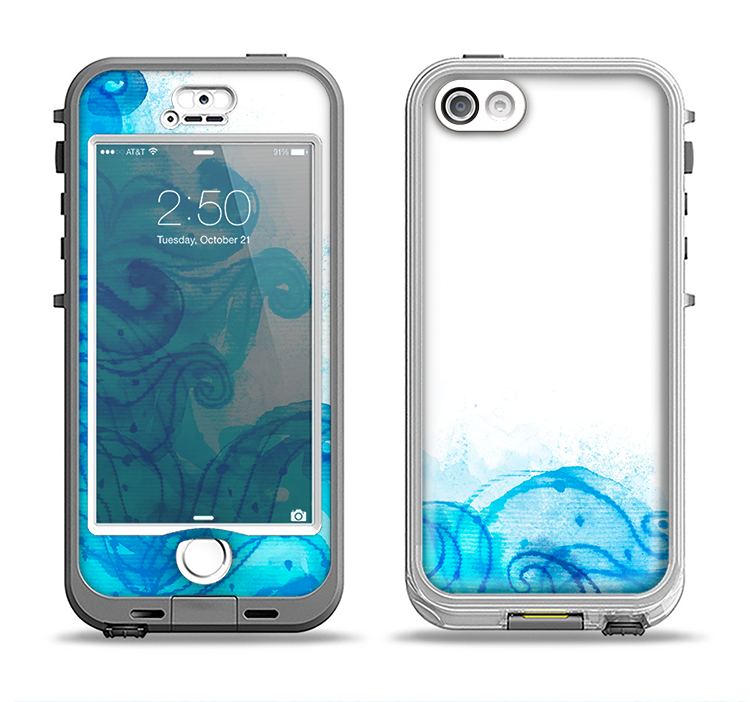 The Blue Water Color Flowers Apple iPhone 5-5s LifeProof Nuud Case Skin Set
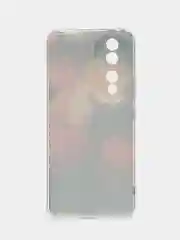 Кораллово-розовый силиконовый чехол на Honor 90 / Хонор 90 прозрачный, с рисунком, защита камеры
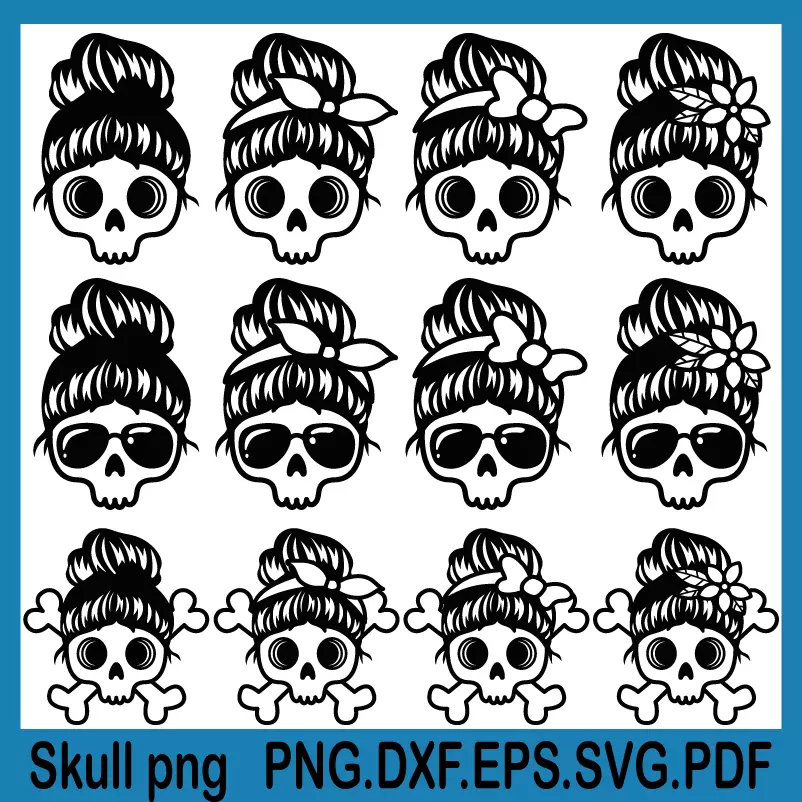 skull png, skull svg for cricut, cute skull png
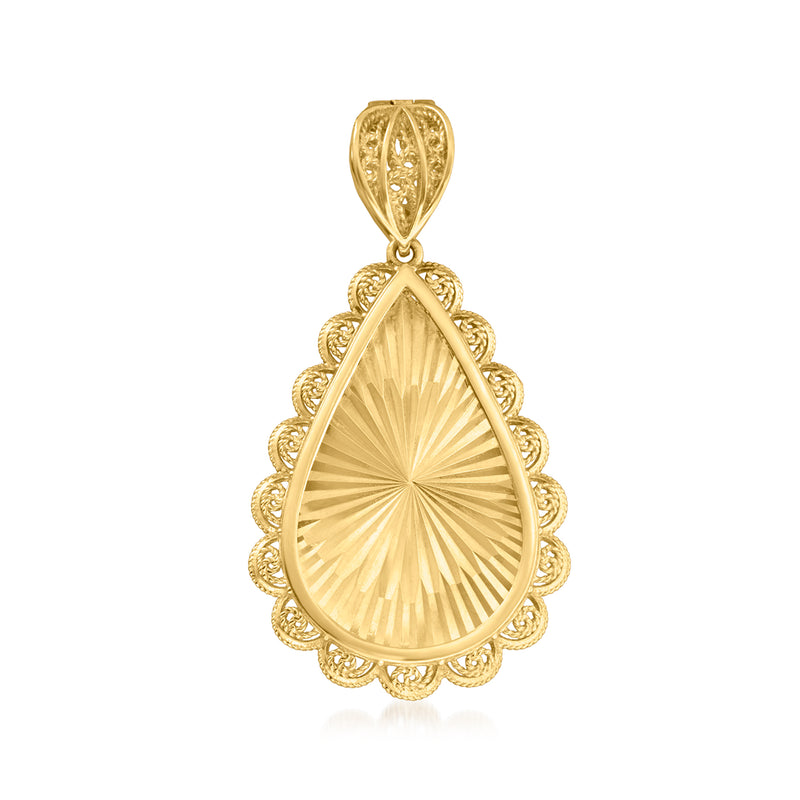 Gold over sterling filigree teardrop pendant with sunburst center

TASK STATEMENT: Set down every line above exactly, pictures excluded.

ANSWER TO THIS EXERCISE:
 The Blue Water Color Flowers Apple iPhone 5-5s LifeProof Nuud Case Skin Set
 Кораллово-розовый силиконовый чехол на Honor 90 / Хонор 90 прозрачный, с рисунком, защита камеры
 skull png, skull svg for cricut, cute skull png
 Gold over sterling filigree teardrop pendant with sunburst center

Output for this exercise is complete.